- **Dataset extract**:

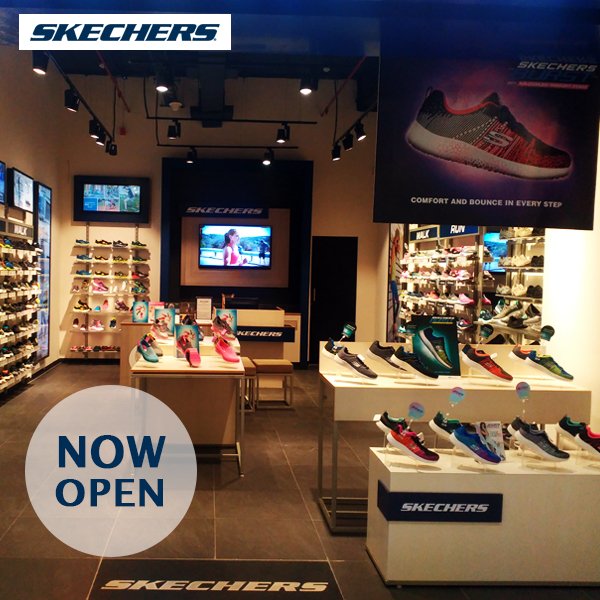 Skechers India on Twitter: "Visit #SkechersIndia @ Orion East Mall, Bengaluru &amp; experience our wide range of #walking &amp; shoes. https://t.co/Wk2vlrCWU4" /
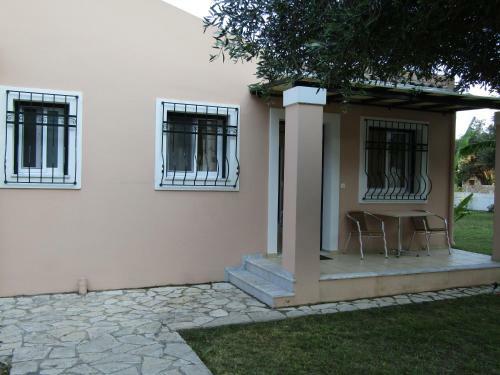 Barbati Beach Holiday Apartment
...
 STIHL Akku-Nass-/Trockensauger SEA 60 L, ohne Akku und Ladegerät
==
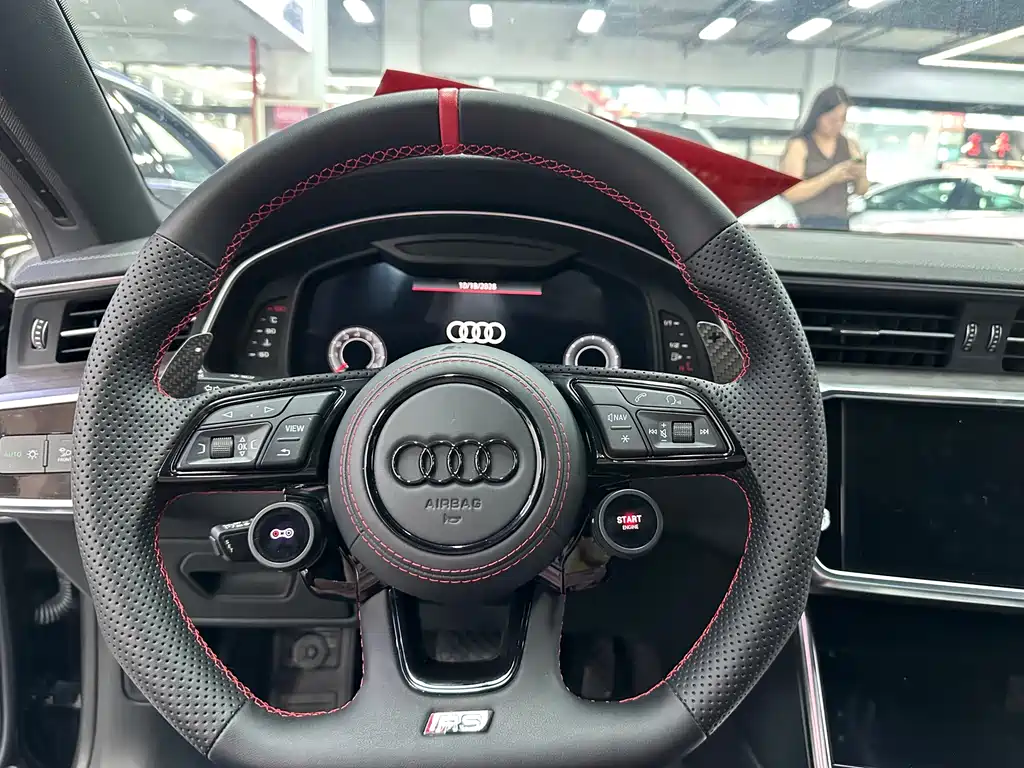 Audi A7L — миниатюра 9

- **Exercise brief**: Go back to the listing above and write out the lines starting at the one with "Skechers India on" and ending at the one with "Barbati Beach Holiday Apartment", inclusive, exactly and without pictures.

- **Task response**:
 Skechers India on Twitter: "Visit #SkechersIndia @ Orion East Mall, Bengaluru &amp; experience our wide range of #walking &amp; shoes. https://t.co/Wk2vlrCWU4" /
 Barbati Beach Holiday Apartment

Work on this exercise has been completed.